Recent data suggest that Greece is on track to meet the budget targets agreed with the so-called troika under the revised bailout program signed in November 2012. According to preliminary figures released by the Ministry of Finance on 10 January, the primary deficit - deficit before interest payments - stood at 1.9% of GDP in 2012, down from both the 3.1% of GDP tallied in 2011 and the targeted 2.4% of GDP. Additionally, the overall fiscal deficit - including interest payments - fell from 10.9% of GDP in 2011 to 8.2% in 2012 (target: 8.4% of GDP).

Against this backdrop, on 21 January, the Eurogroup announced that Greece will receive the next tranche of financial aid.
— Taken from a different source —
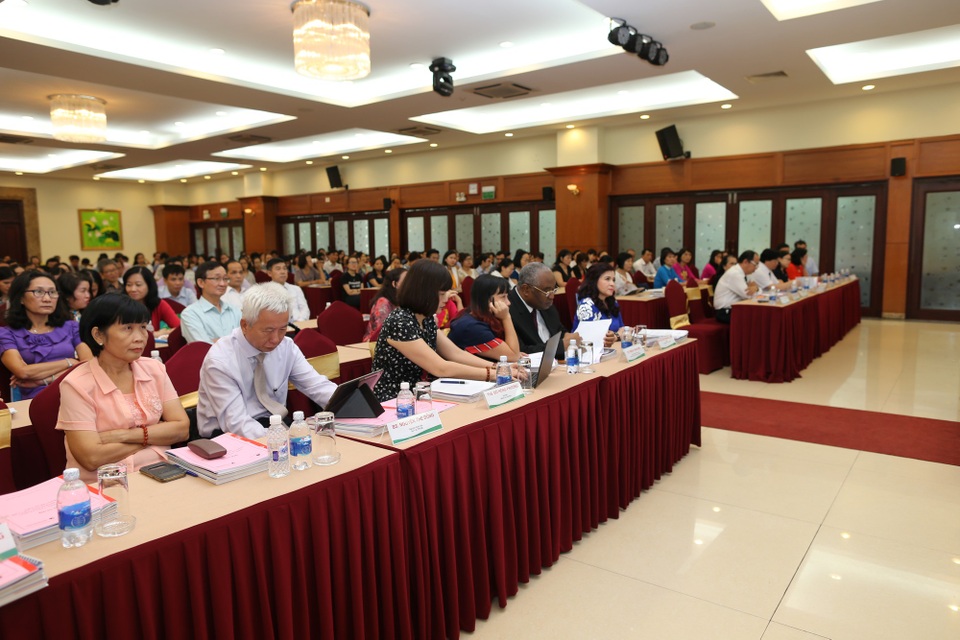 Ra mắt tài liệu “Hướng dẫn quy trình thực hiện công tác dinh dưỡng tiết chế” - 2 Gần 500 đại biểu là lãnh đạo và trưởng phòng Quản lý chất lượng, trưởng khoa Dinh dưỡng Tiết chế các bệnh viện tuyến tỉnh của 32 tỉnh thành phía Nam, các trường đại học và các Hội y khoa.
The Eurogroup highlighted the approval of an income tax reform, which includes higher taxes on salaries and pensions as well as the reduction of tax brackets from eight to three. Euro area finance ministers gave the green light for the disbursement of both the EUR 2.0 billion instalment stipulated in the rescue package and of an additional EUR 7.2 billion in order to cover bank recapitalisation.

Simultaneously, the International Monetary Fund approved, on 16 January, the disbursement of two pending bailout instalments which amount to EUR 3.2 billion. The IMF stated that Greece has made impressive progress, but warned that the country "still has some distance to go". Particularly, the Fund highlighted competitiveness and tax collection as the areas where Greece needs to take decisive action.